I've seen that on engines sith improper wvo systems. If the engine isnt up to full opersting temp and the oil isnt hot you get incomplete combustion and engine oil contamination with wvo. I've been running wvo I my 2000 Ford superduty for 6 years now and 50k +/- miles, and havent had a single problem other than wvo fuel pumps not lasting. One rule on wvo is you shorten your OCI specifically because WVO and diesel motor oils don't play well.
I have a theroy its the zinc in the hedo as I have watched zinc coated galvinzed pipe parts grow a gelatinous coating of wvo in a day. Hot wvo and galvinized pipe (or a galvinized drum) dont mix well. Iirc hdeo's are one of the last remainung high zinc engine oils ouut there.
While WVO is almost certain to cause as you describe, even B20 I suspect could do this given enough extended operation on B20 (RME or DME) in cold temperatures and long drain intervals.

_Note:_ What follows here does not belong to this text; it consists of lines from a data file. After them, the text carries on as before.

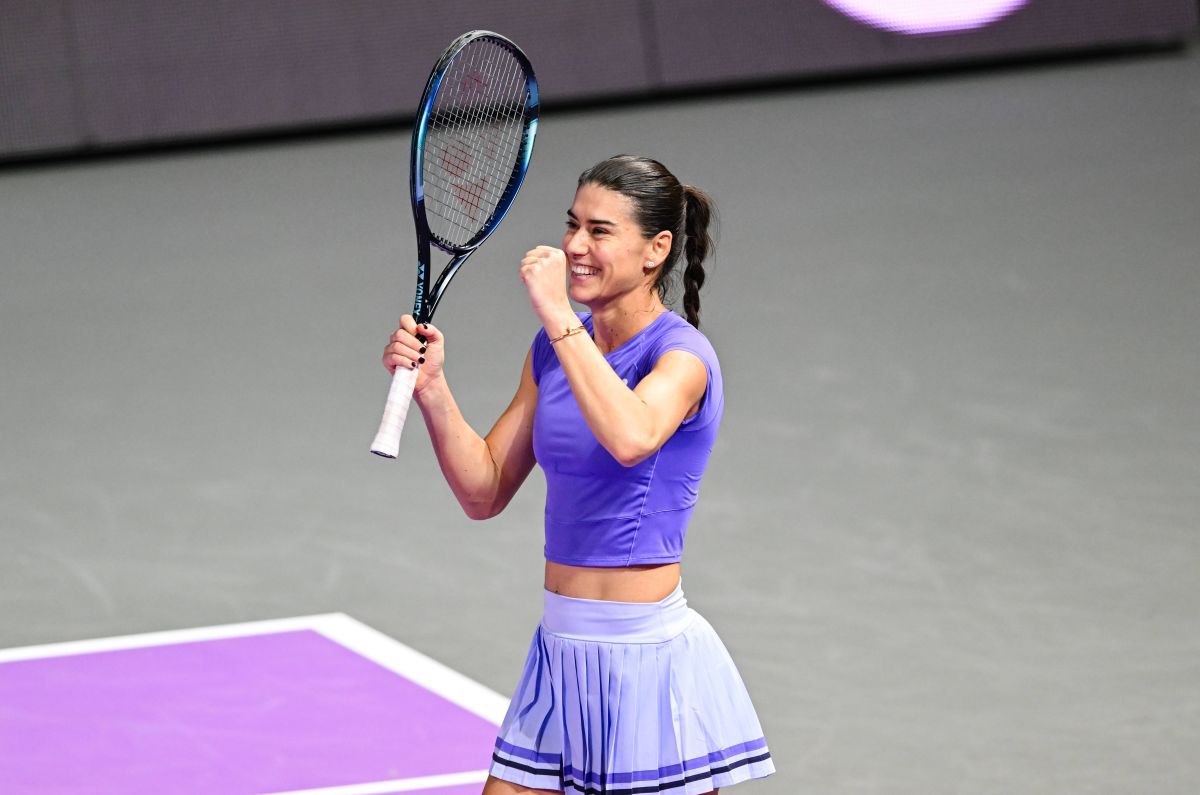 Sorana Cîrstea, triumf categoric în finala Transylvania Open: 6-2, 6-2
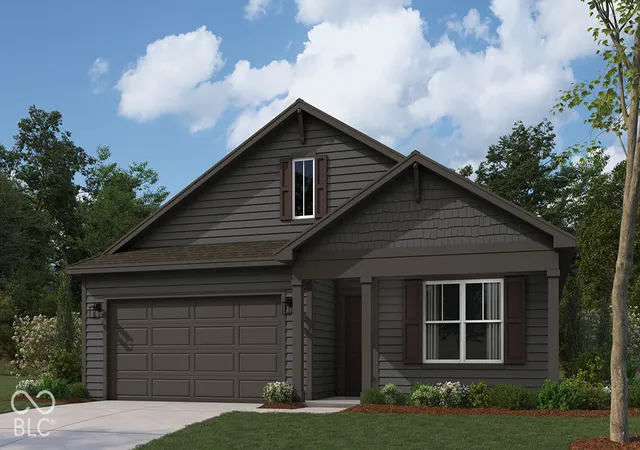 Single family home for sale at 1513 Hanover St, Danville, IN 46122 | MLS# 22133557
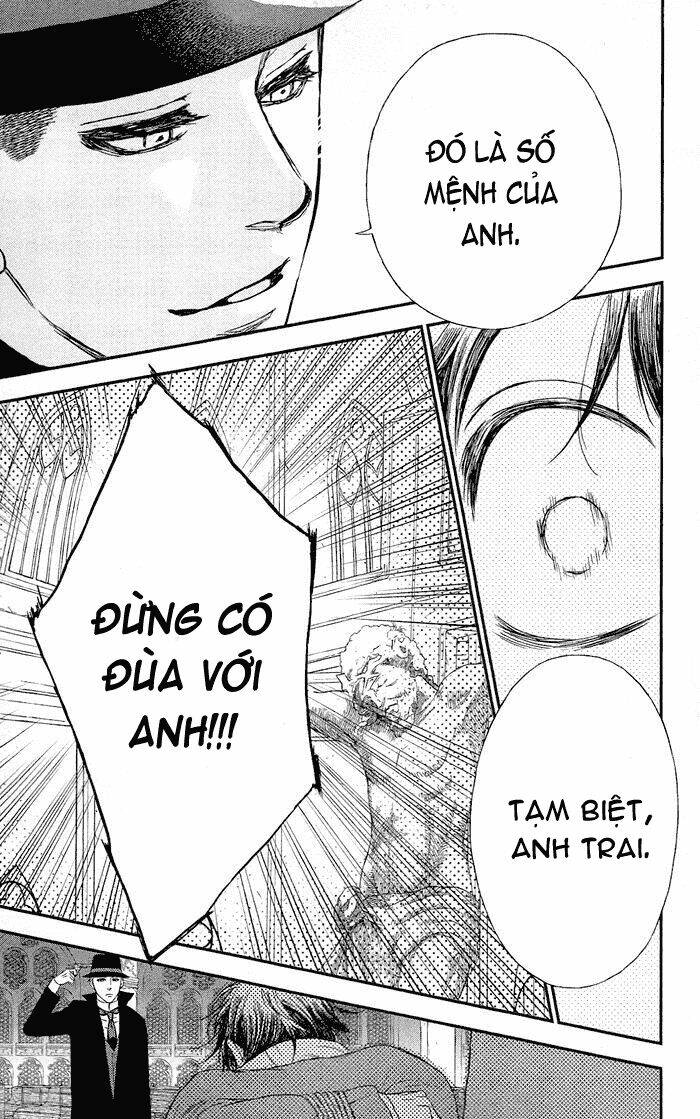 sayonara sorcier chapter 9 16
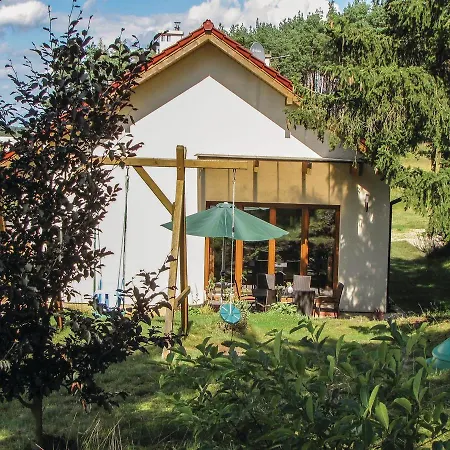 Holiday Wolin Dargobądz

With lots of short trips in cold temps, blowby would be excessive. Combining high blowby of fatty acid methyl esters with a higher-zinc diesel oil COULD explain the goo that is on display here.

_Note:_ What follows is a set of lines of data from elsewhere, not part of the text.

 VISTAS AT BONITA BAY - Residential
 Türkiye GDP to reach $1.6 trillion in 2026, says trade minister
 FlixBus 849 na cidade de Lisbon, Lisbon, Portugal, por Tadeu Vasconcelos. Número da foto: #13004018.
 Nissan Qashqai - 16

As for turbo causing this, not a chance. The turbo bearings would be shot LONG before this amount of sludge could accumulate. Failing to cool down turbo is actually one of the things you can rule out. Turbo cool down periods are for turbos-- and nothing else.
I work in product development at Cummins, but I can only speculate here as we do not do lengthy testing on B20 or biofuels in general-- I've never seen that kind of goo in field test or test cell engine.